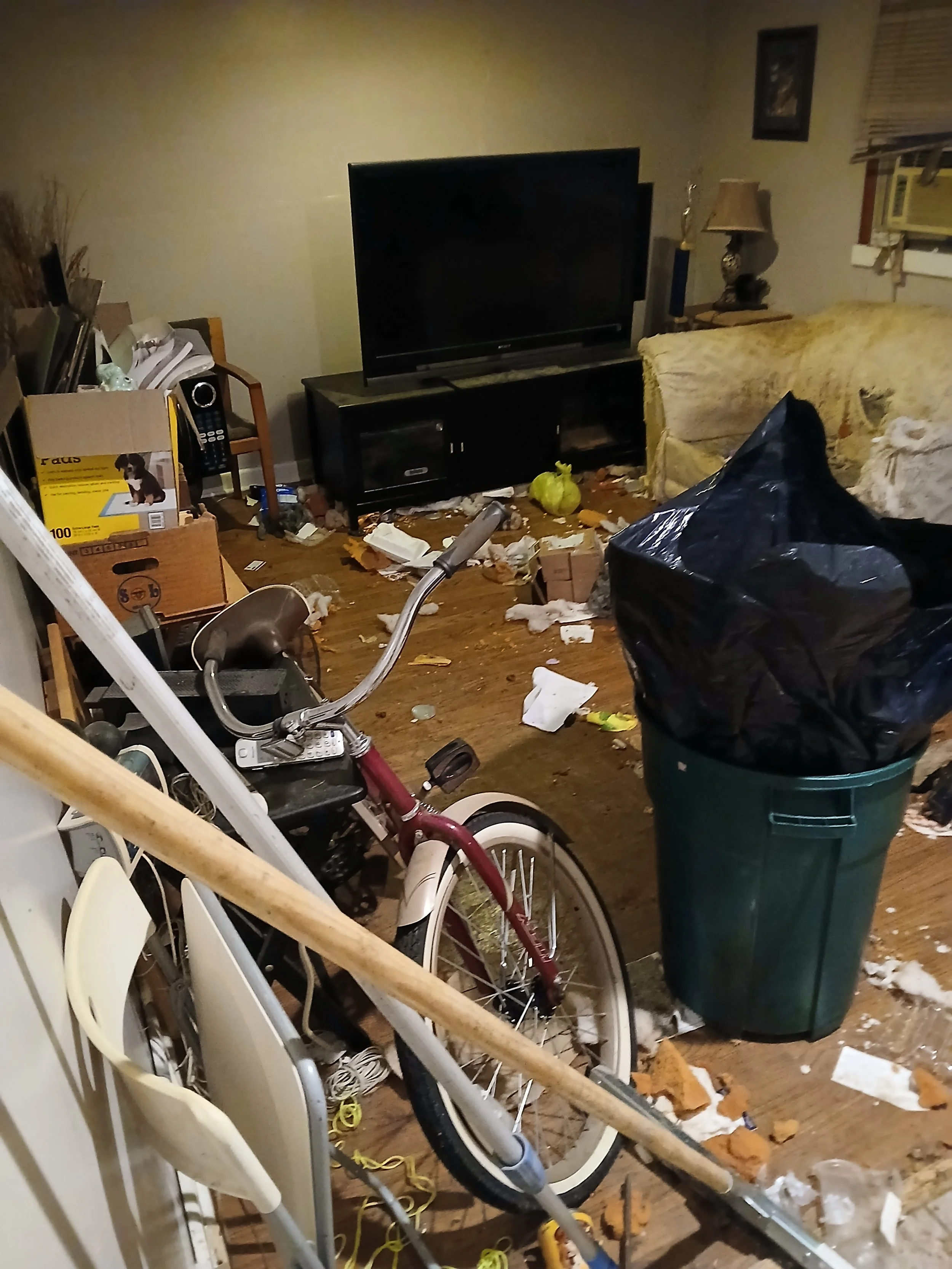 Backroom before cleaning and organization in a Chicago home with cluttered storage and buildup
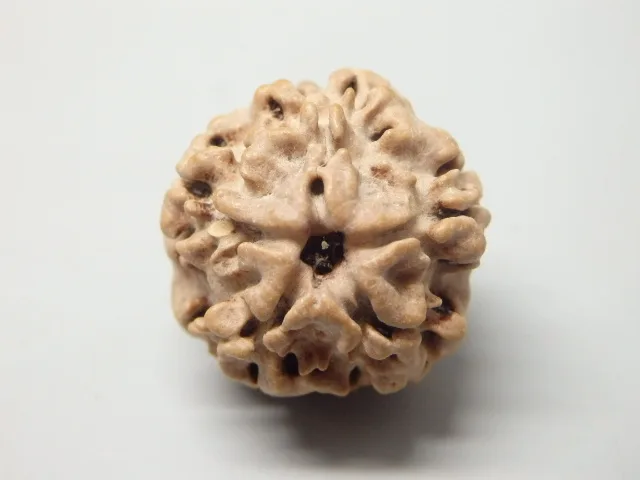 2 Mukhi Rudraksha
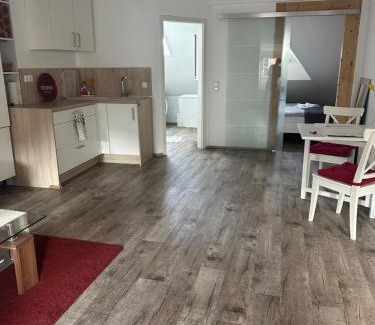 Heidelberg City Centre Apartment | Scenic Old Bridge View Apartment with Family-Friendly Amenities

Instructions to follow: With the pictures removed, set down every line of the listing above exactly.

Output for this exercise:
 Backroom before cleaning and organization in a Chicago home with cluttered storage and buildup
 2 Mukhi Rudraksha
 Heidelberg City Centre Apartment | Scenic Old Bridge View Apartment with Family-Friendly Amenities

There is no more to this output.